What are the important federal income tax issues if you choose to operate your business as a partnership with multiple partners? Good question.
We will supply some answers here.
Before we get into the weeds, one important thing to know is that limited liability companies (LLCs) with multiple members—that is, owners—are classified as partnerships for federal income tax purposes unless you elect to treat the LLC as a corporation.
The partnership tax considerations that we will cover here generally apply equally to LLCs. So, when you see “partnership” and “partner,” you can substitute “LLC” and “member,” respectively.
Now, onward.
Partnership Taxation Basics
The generally favorable partnership federal income tax rules are a common reason for choosing to operate as a partnership with multiple partners instead of as a corporation with multiple shareholders. The most important partnership tax rules can be summarized as follows.
You Get Pass-Through Taxation
Your share of partnership taxable income items, gains, deductions, losses, and credits are passed through to your personal return. You then pay taxes at the personal level. Ditto for the other partners.
So, you don’t have to worry about the double taxation issue that can potentially haunt C corporations.

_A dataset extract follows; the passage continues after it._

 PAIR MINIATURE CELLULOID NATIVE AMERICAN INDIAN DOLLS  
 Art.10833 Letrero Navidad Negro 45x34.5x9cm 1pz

You also don’t have to worry about the tax-law restrictions that can haunt S corporations—for example, shareholders can only be U.S. citizens; U.S. residents; and certain estates, trusts, and tax-exempt entities; and you can have only one class of stock.
You Can Deduct Partnership Losses (within Limits)
You can deduct partnership losses passed through to you on your personal return, subject to various limitations—which can include the passive loss rules, the at-risk rules, the excess business loss disallowance rule, and the partnership interest basis limitation rule. There’s a good chance the limitations won’t apply to you or the other partners.